A fire in 1867, due probably to the old woodstoves, damaged much of the south end of the church building. Definitive repairs and renovations were slow to come. The Vanderpoel family, who had joined the church a few years before, helped greatly to fund improvements, one of which was the window by William Morris that is behind the altar to this day. This work of art still draws students and admirers of Morris from all around the world. In 1873 parishioners subscribed to a furnace system, and the next year gas lighting was laid on to take the place of candles. The church re-opened completely on Sept 5, 1874. That same year, Miss Annie F. Springsteed proposed constructing a building for the Sunday School and subscribed a third of the estimated cost herself. Opening services for the new building were in October 1875.
By 1879, the Rev. Mr. Robertson was in declining health, and the vestry engaged a curate to help him. There was in those days no pension fund, and ministers often served until death. The Rev. Thomas Cole came as curate, but soon the vestry had a better plan. They contrived to make Mr. Robertson Rector Emeritus without much reduction in salary and with continued use of the parsonage while calling the Rev. Mr Cole as the new Rector. Mr. Robertson died in 1881.
The Rev. Mr. Cole, a son of the artist Thomas Cole (generally seen as the founder of “The Hudson River School” of art) was a graduate of St Stephen’s College (precursor to Bard) and of General Theological Seminary in New York. Ordained only in 1874, he was to be the minister at Trinity for the next 40 years, with one five-year leave of absence 1889-1894) during which the Rev. John W. Craig ably substituted. The Rev. Mr. Cole was also interested in geology and paleontology, and his personal collection of specimens is today at the Saugerties Historical Society.
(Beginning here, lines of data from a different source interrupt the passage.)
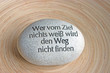eingravierter Weisheitstein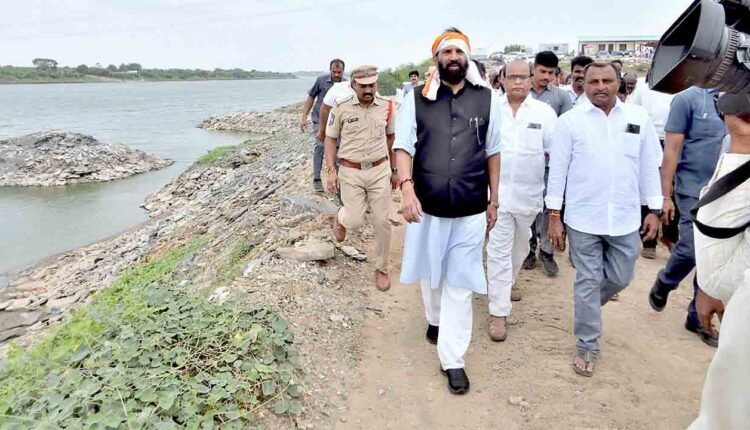 Congress Government Committed to Protecting Telangana’s Water Rights: Uttam Kumar Reddy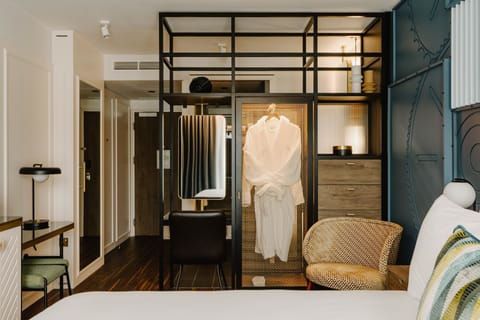 Deluxe Room, 1 Queen Bed | Premium bedding, minibar, in-room safe, individually decorated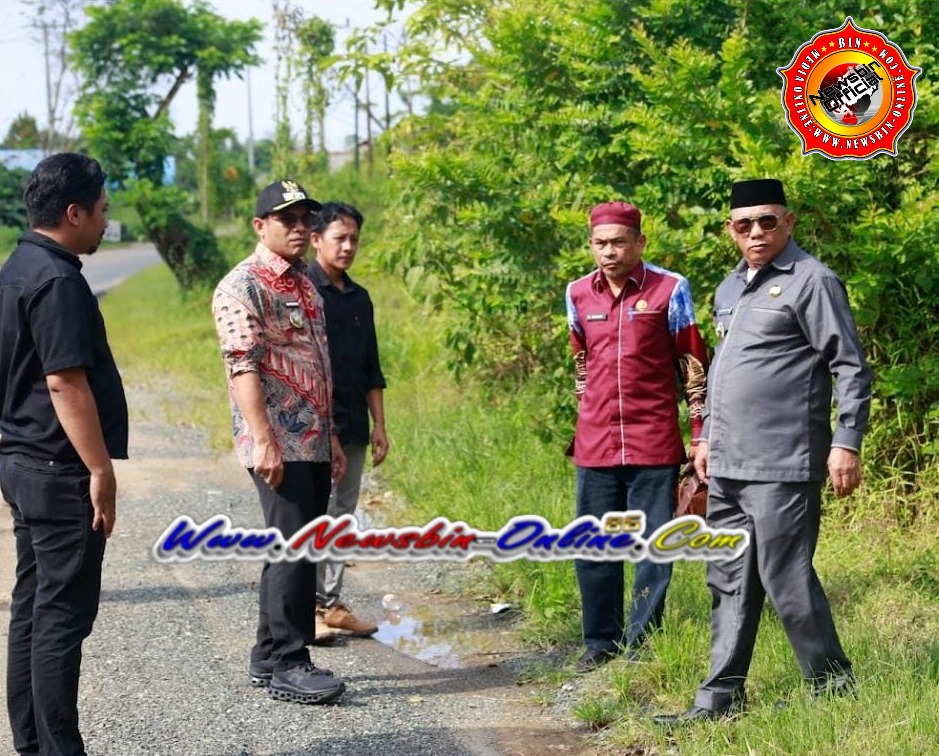 Sepasang Pimpinan Pemkab Kotabaru Kompak Cek Jalan Rusak Siap Tindaklanjuti Keluhan Warga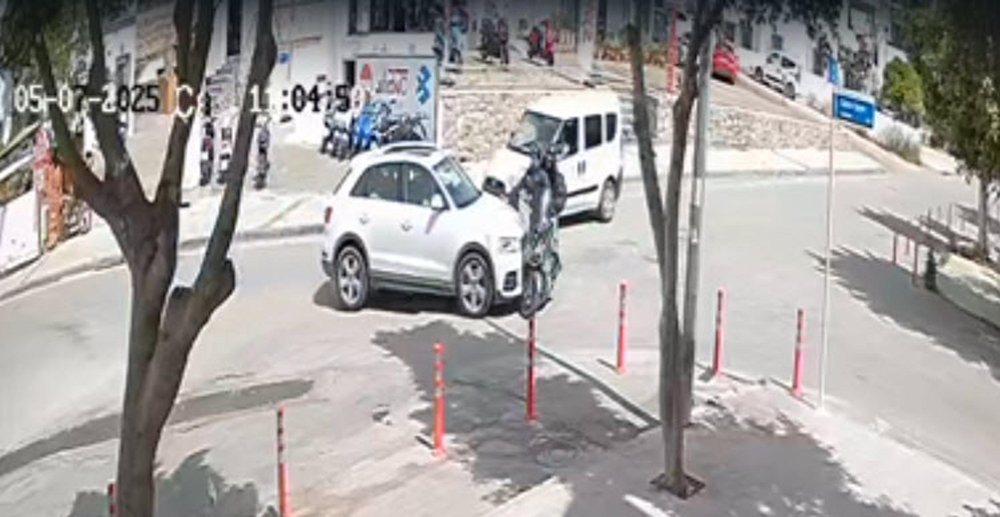 Bodrum’da cip motosiklete çarptı! Sürücü ve yanındaki yolcu savruldu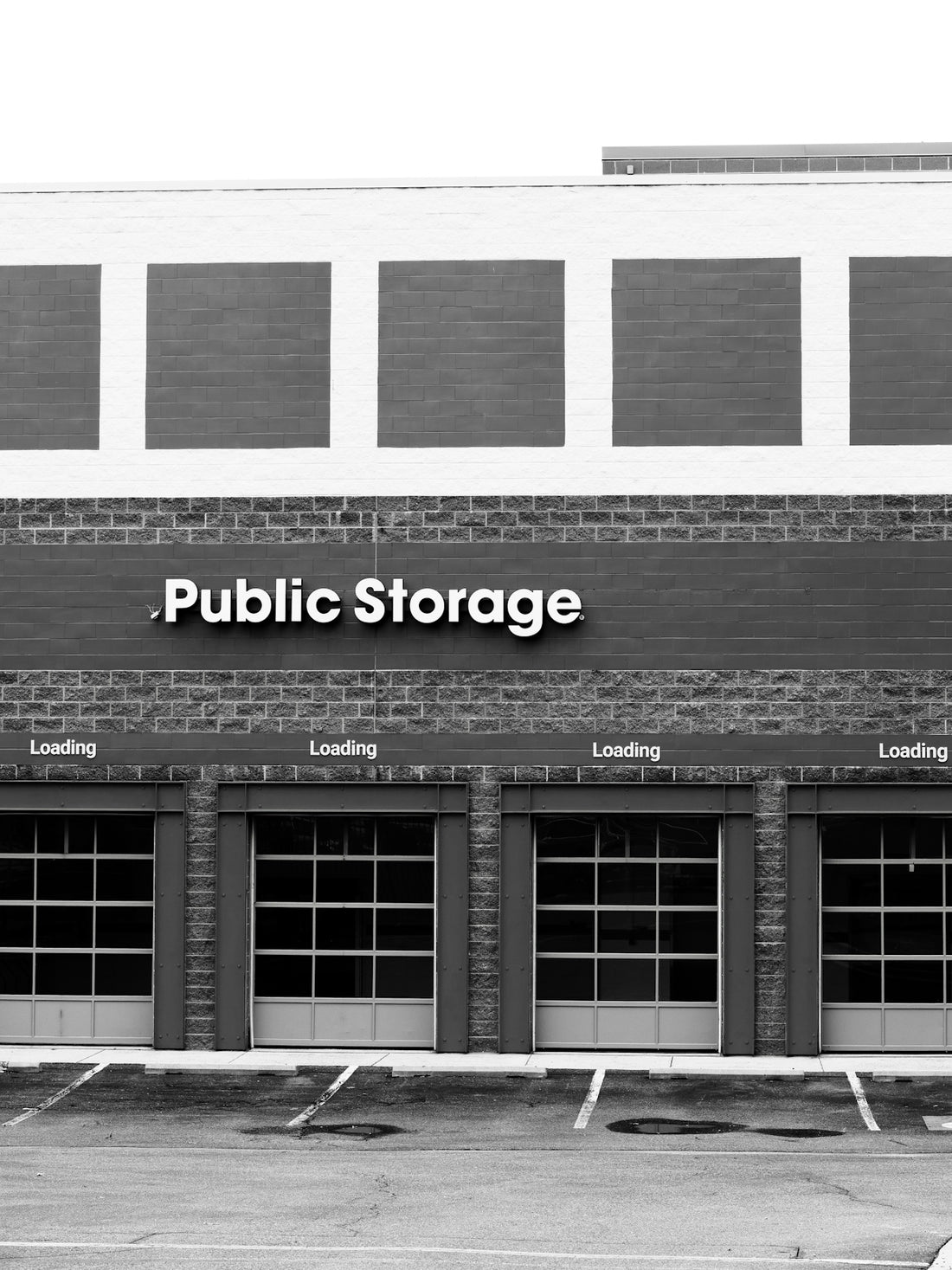 Public storage building with garage doors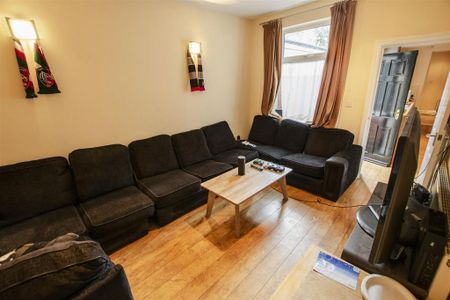 8 bedroom house to rent - Photo 3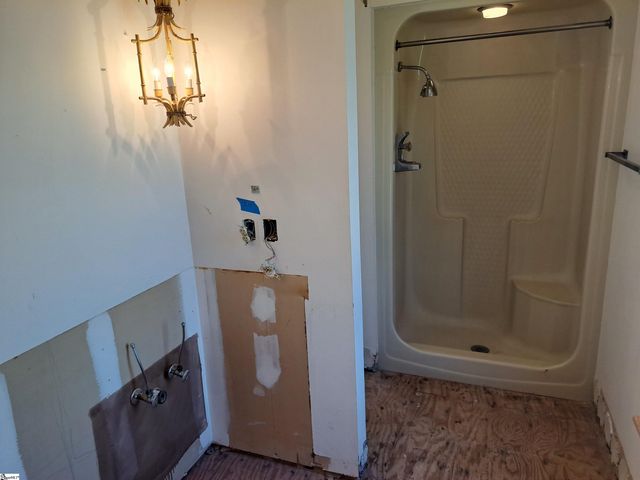 1923 Fairview Road, Fountain Inn, SC 29644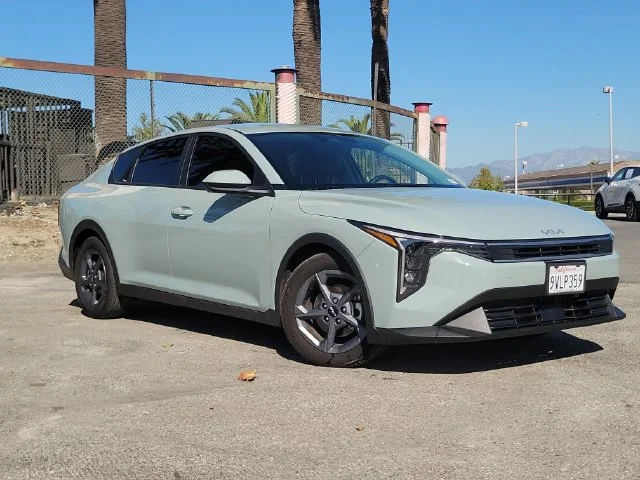 Pre-Owned 2025 Kia K4 LXS FWD 4D Sedan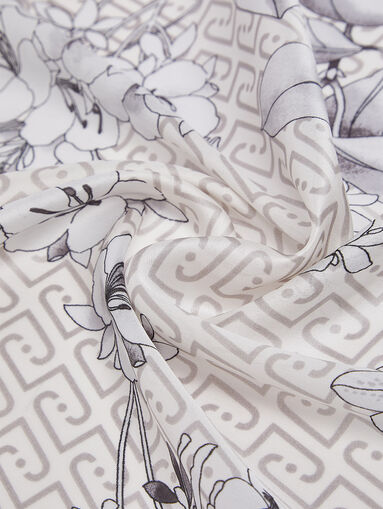 Square scarf with floral print - 4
By 1881, the second organ of the church was aging fast. Mr Charles Spalding, a vestryman, offered a new organ in memory of his mother. This instrument was built by Helborne L. Roosevelt. Pieces of it would be incorporated into its successor, a Hartman Beaty.
A new rectory was on the drawing board in 1883. Several years later designs enlarge the church building were put forth, but not realized until 1916.
The wardens opted to buy additional land for the cemetery in 1892. In an important decision to start the new century, the Vestry set aside $4000 from the accumulated building fund to start an endowment for the parish.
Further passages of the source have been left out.